12 Luglio 2004: Partenza da Inverness alla volta del Cawdor Castle, romanticamente collegato a Shakespeare e al suo MacBeth (uccisione di Duncan), un castello superbo, quello che ciascuno si aspetta di poter vedere. E non è un monumento freddo ma la splendida dimora di Dowager Contess Cawdor. Ambienti interni sfarzosi, ricchi arredi, arazzi alle pareti con le storie di Don Chishotte, pinacoteca degli antenati e bellissimi giardini (selvatico, formale, labirinto, sentieri naturali etc.).
Ultimata la visita al castello, spersi sulle montagne dei Gran piani, davanti ad una sospirata breakfast si accende la discussione: discesa verso Aberdeen lungo costa –come suggeritoci- o tagliare per l’interno verso Balmoral, residenza preferita della regina Elisabetta e luogo istituzionale (God save the Queen). La votazione non può che tener conto dell’invito pressante della regina che, dopo il Britannia, ci vuol fare vedere la sua casetta estiva. Il parco è stupendo, con piante secolari quasi scolpite con cura dai giardinieri; i prati all’inglese sembrano curati con le forbicine da unghie tanto sono regolari e i fiori occupano totalmente lo spazio della serra.
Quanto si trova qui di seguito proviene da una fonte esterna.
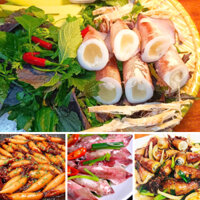 [Hỏa Tốc] MỰC TRỨNG ĐÔNG LẠNH NET 7 -  Hàng cao cấp chất lượng - đảm bảo vệ sinh an toàn thực phẩm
Dopo la visita assai limitata degli spazi interni decidiamo di non far uso del trailer a cui si affidano gli altri visitatori. Possiamo ben arrangiarci da soli; e dopo chilometri di cammino per campi da golf e cricket, persi nel verde, quando già temevamo il peggio, siamo riusciti finalmente a riconquistare il luogo della sosta macchine. Giungiamo ad Aberdeen e siamo premiati da un B&B in linea con quanto visitato dal momento che la nostra camera a tre letti (altro non si è trovato!) si rivela assai meglio del previsto per ampiezza, eleganza e non manca un bow-window dove possiamo sederci a leggere con aria signorile e vagamente snob (Albany Guest House, 18 Whinhill road). Bello il B&B quanto brutta, sporca la cittadina dove per la prima volta mangiamo malissimo.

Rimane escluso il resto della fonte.